» STORED DATA
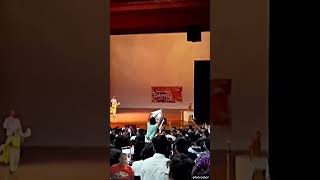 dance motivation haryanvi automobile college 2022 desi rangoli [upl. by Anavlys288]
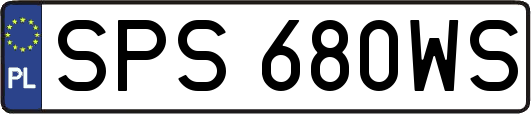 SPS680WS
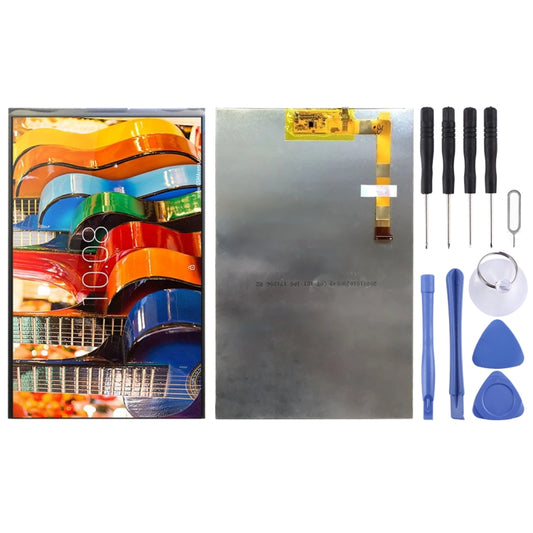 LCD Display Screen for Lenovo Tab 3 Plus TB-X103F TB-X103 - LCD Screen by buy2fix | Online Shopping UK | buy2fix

» WHAT THE TASK ASKS
Write out the data above precisely. Pictures stay out.

» TASK RESPONSE
 dance motivation haryanvi automobile college 2022 desi rangoli [upl. by Anavlys288]
 SPS680WS
 LCD Display Screen for Lenovo Tab 3 Plus TB-X103F TB-X103 - LCD Screen by buy2fix | Online Shopping UK | buy2fix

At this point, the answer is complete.